Reproduce the records below exactly; no pictures.

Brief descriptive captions

───

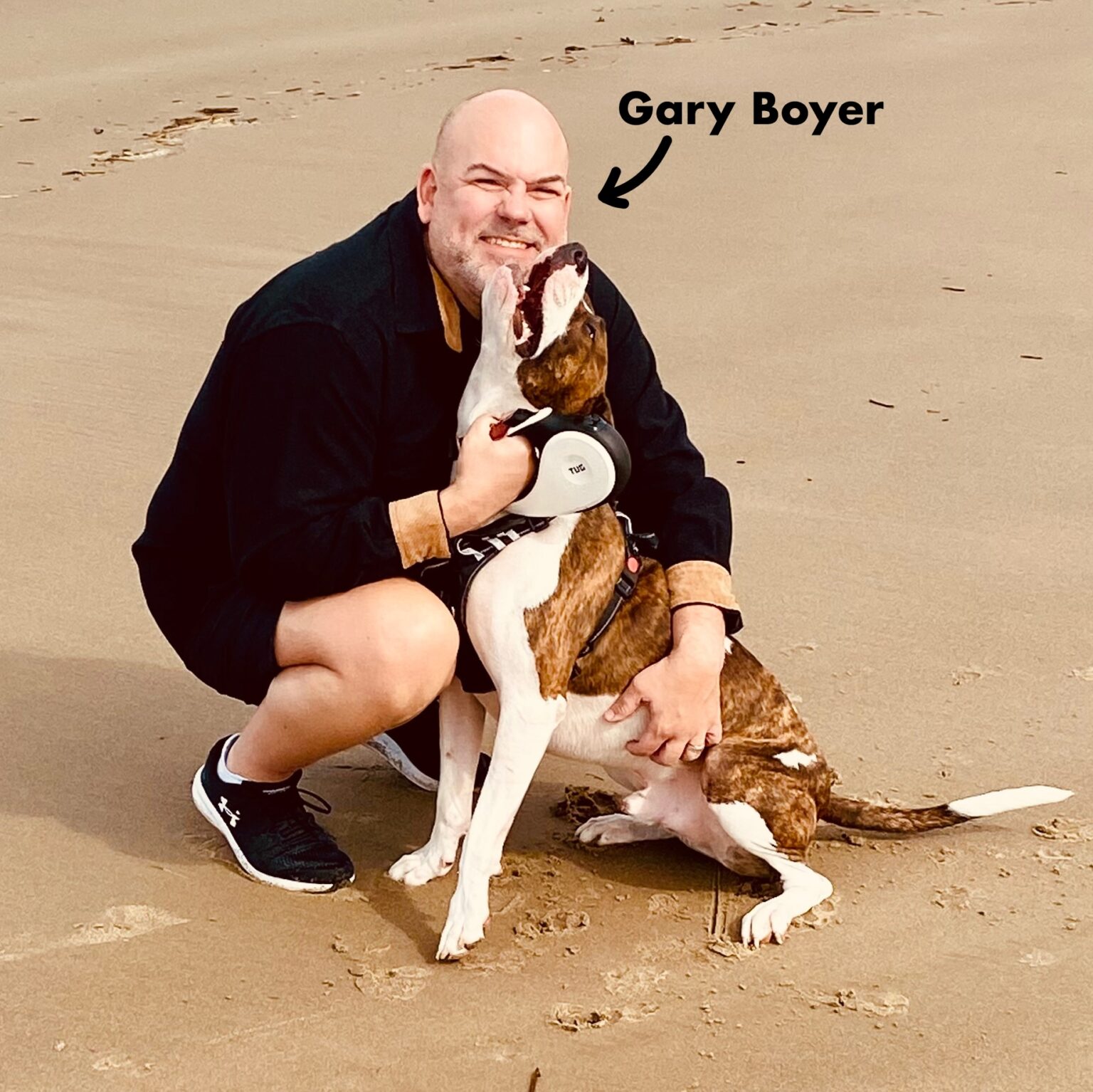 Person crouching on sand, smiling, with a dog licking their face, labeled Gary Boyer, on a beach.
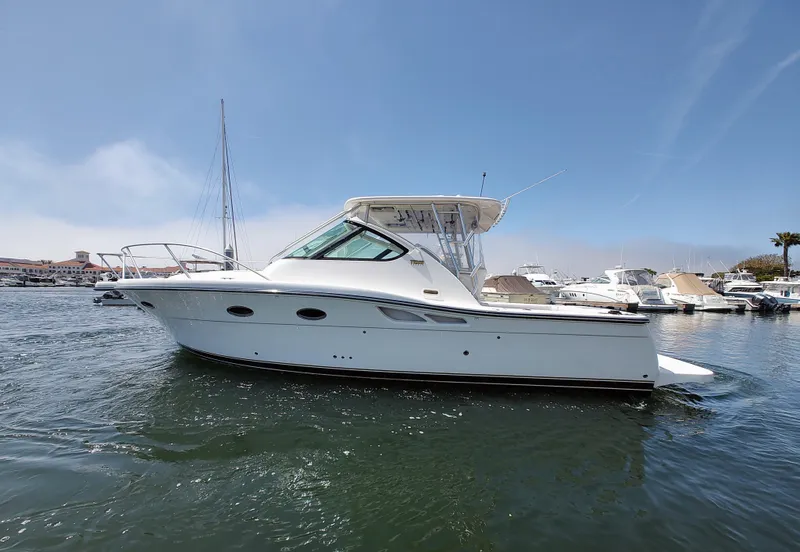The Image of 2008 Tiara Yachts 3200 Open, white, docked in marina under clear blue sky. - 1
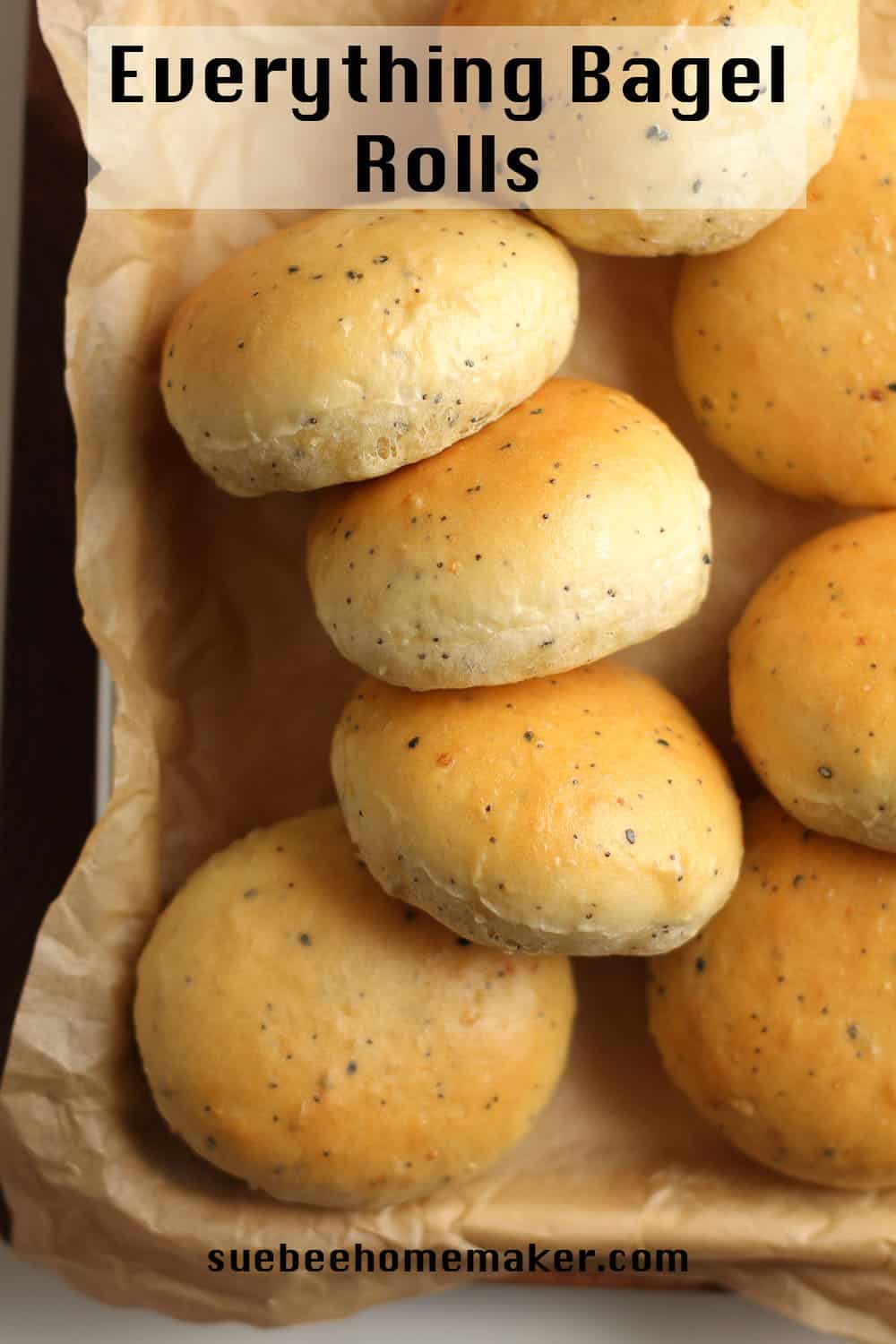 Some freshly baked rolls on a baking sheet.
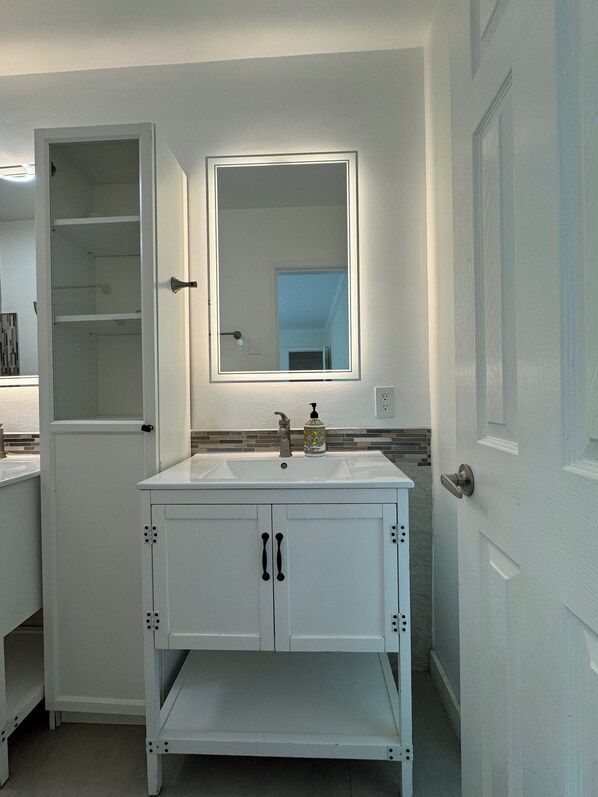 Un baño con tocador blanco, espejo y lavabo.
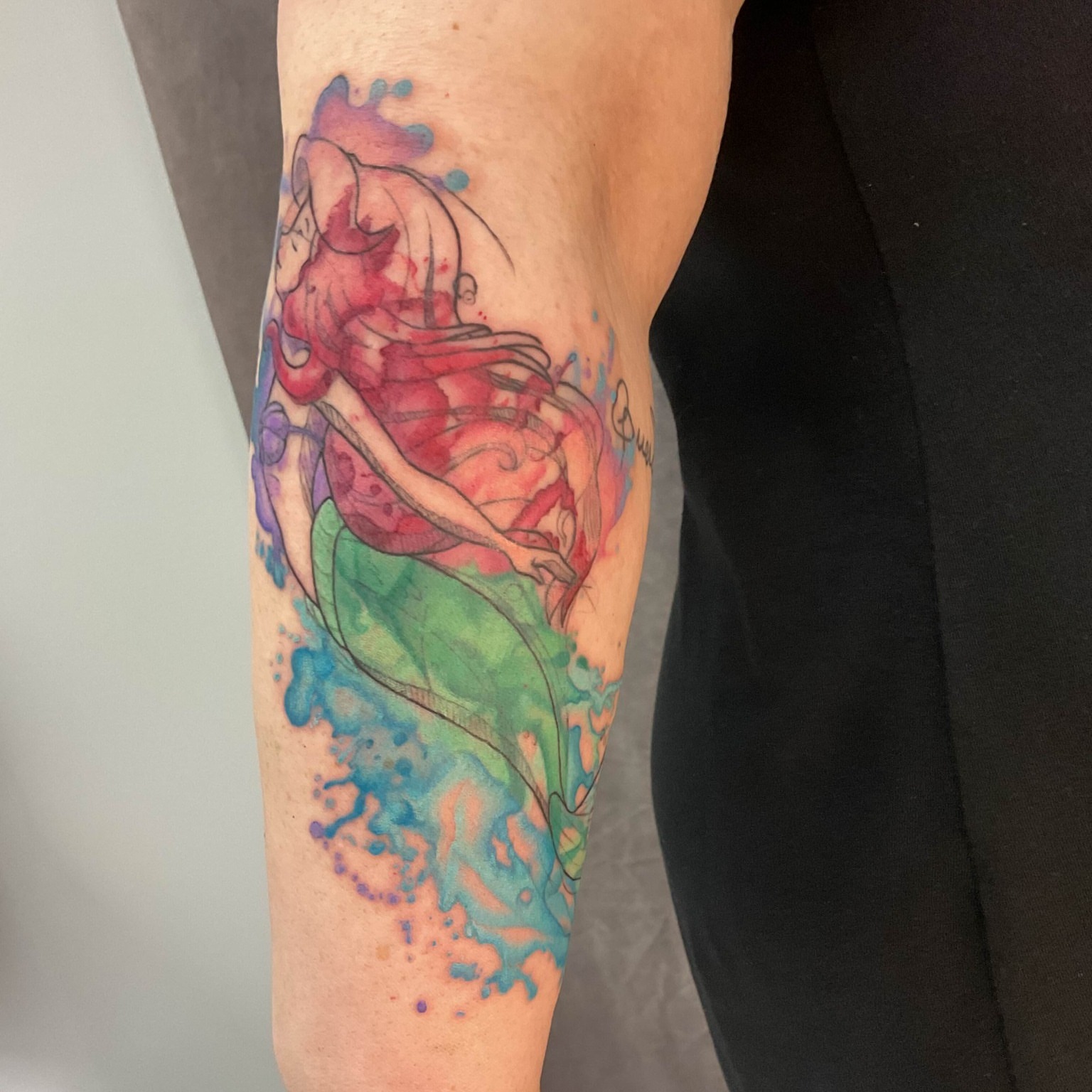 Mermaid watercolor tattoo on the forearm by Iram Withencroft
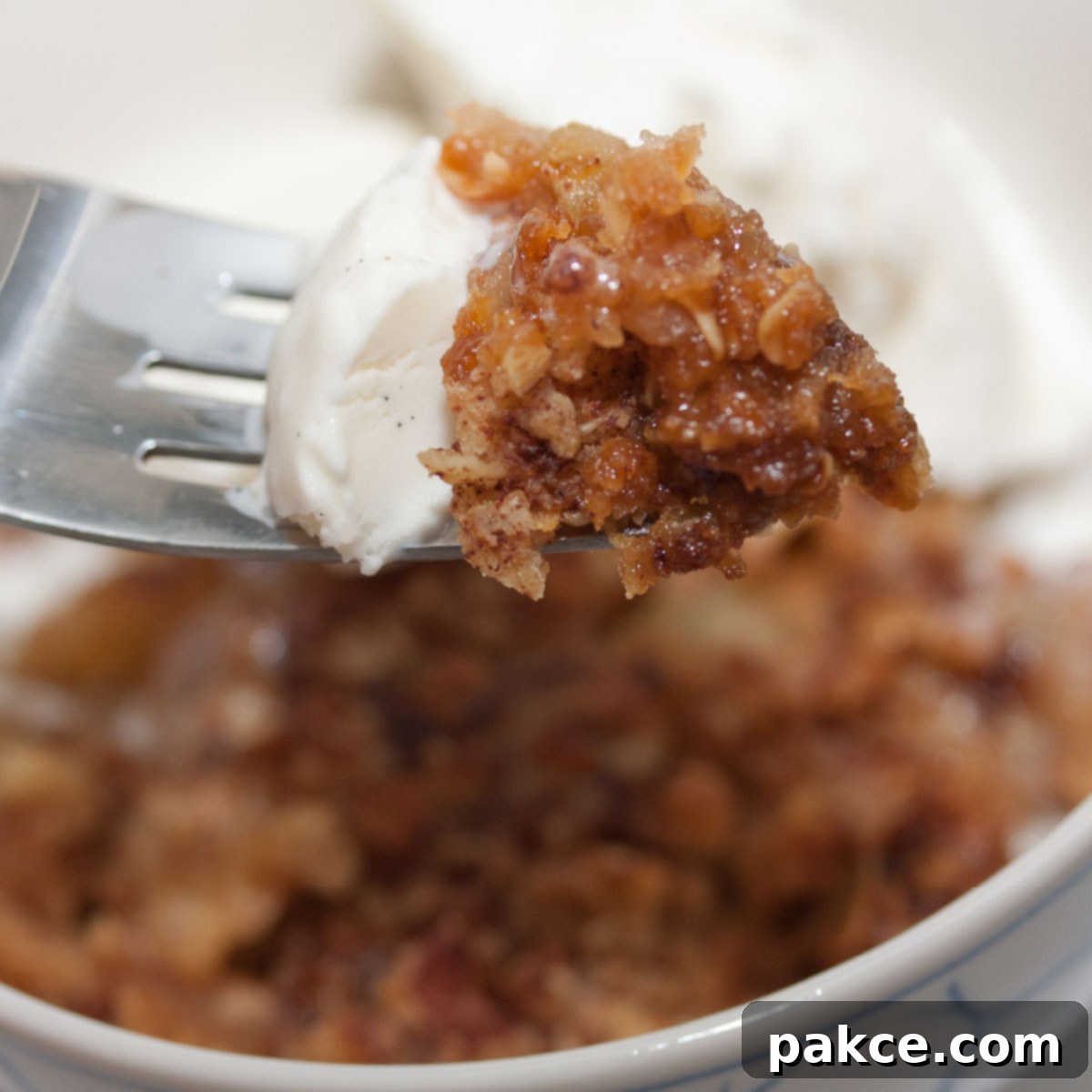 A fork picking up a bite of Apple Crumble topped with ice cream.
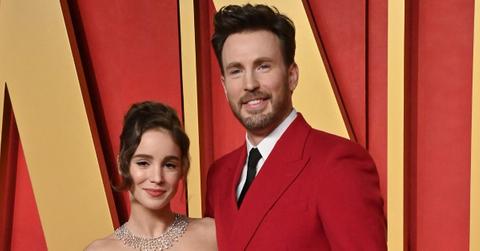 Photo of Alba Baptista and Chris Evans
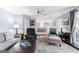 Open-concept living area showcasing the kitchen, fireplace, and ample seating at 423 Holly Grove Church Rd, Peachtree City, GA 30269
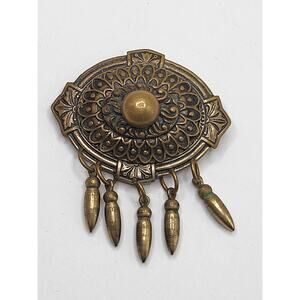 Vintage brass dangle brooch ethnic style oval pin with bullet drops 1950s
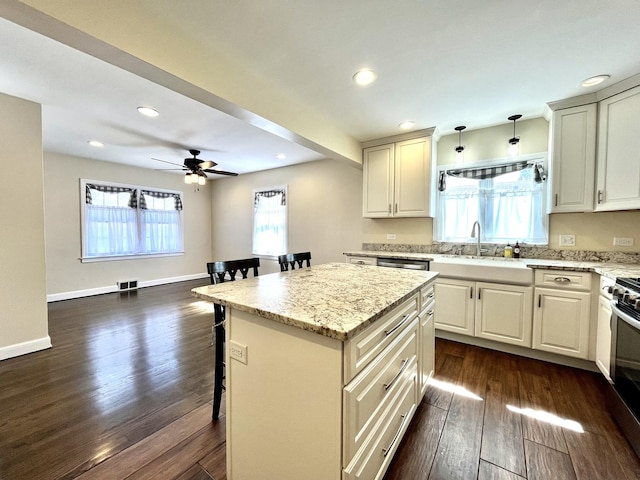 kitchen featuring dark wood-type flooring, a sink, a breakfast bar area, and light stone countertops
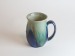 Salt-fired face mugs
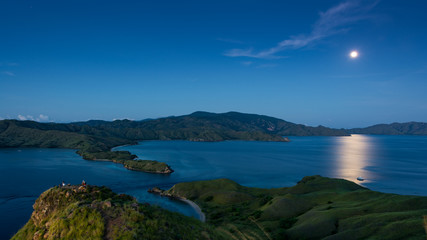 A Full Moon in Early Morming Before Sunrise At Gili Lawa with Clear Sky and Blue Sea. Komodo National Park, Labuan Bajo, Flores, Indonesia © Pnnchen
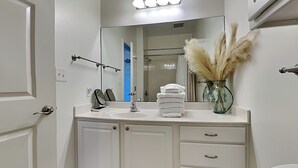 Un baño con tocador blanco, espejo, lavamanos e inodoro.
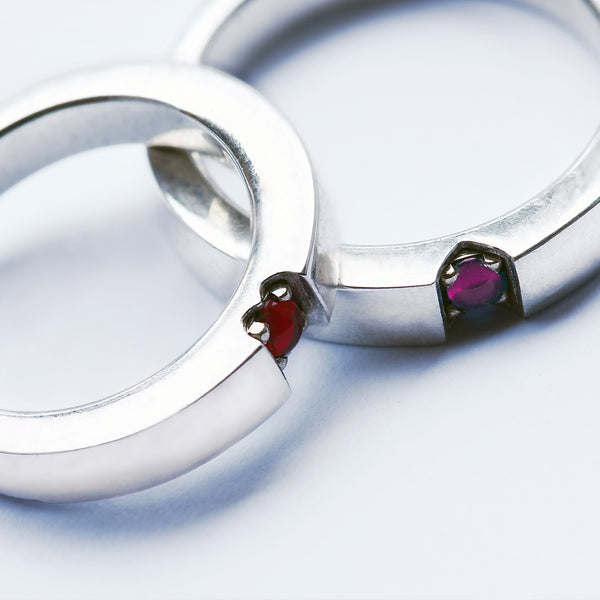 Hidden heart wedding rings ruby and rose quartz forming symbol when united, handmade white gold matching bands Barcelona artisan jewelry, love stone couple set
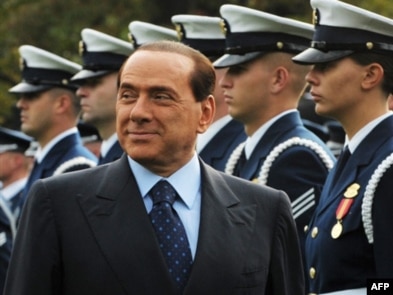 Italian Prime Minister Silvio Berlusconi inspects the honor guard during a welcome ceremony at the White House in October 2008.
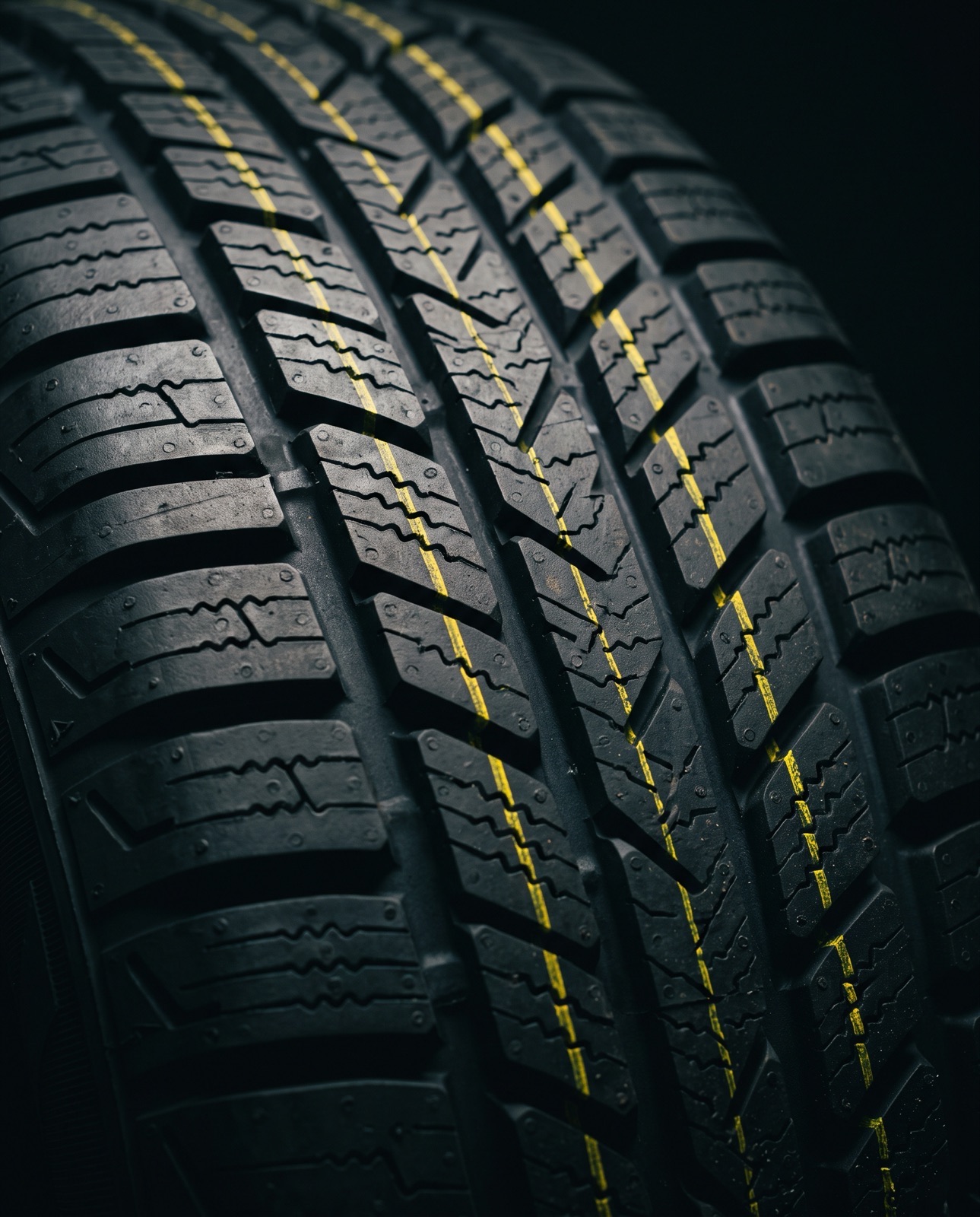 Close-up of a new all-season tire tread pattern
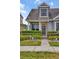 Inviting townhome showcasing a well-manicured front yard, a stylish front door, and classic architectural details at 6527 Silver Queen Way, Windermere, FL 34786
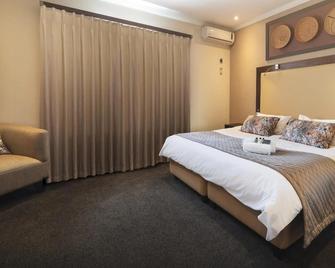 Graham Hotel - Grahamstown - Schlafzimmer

───

Expected answer:
 Person crouching on sand, smiling, with a dog licking their face, labeled Gary Boyer, on a beach.
The Image of 2008 Tiara Yachts 3200 Open, white, docked in marina under clear blue sky. - 1
 Some freshly baked rolls on a baking sheet.
 Un baño con tocador blanco, espejo y lavabo.
 Mermaid watercolor tattoo on the forearm by Iram Withencroft
 A fork picking up a bite of Apple Crumble topped with ice cream.
 Photo of Alba Baptista and Chris Evans
 Open-concept living area showcasing the kitchen, fireplace, and ample seating at 423 Holly Grove Church Rd, Peachtree City, GA 30269
 Vintage brass dangle brooch ethnic style oval pin with bullet drops 1950s
 kitchen featuring dark wood-type flooring, a sink, a breakfast bar area, and light stone countertops
 Salt-fired face mugs
 A Full Moon in Early Morming Before Sunrise At Gili Lawa with Clear Sky and Blue Sea. Komodo National Park, Labuan Bajo, Flores, Indonesia © Pnnchen
 Un baño con tocador blanco, espejo, lavamanos e inodoro.
 Hidden heart wedding rings ruby and rose quartz forming symbol when united, handmade white gold matching bands Barcelona artisan jewelry, love stone couple set
 Italian Prime Minister Silvio Berlusconi inspects the honor guard during a welcome ceremony at the White House in October 2008.
 Close-up of a new all-season tire tread pattern
 Inviting townhome showcasing a well-manicured front yard, a stylish front door, and classic architectural details at 6527 Silver Queen Way, Windermere, FL 34786
 Graham Hotel - Grahamstown - Schlafzimmer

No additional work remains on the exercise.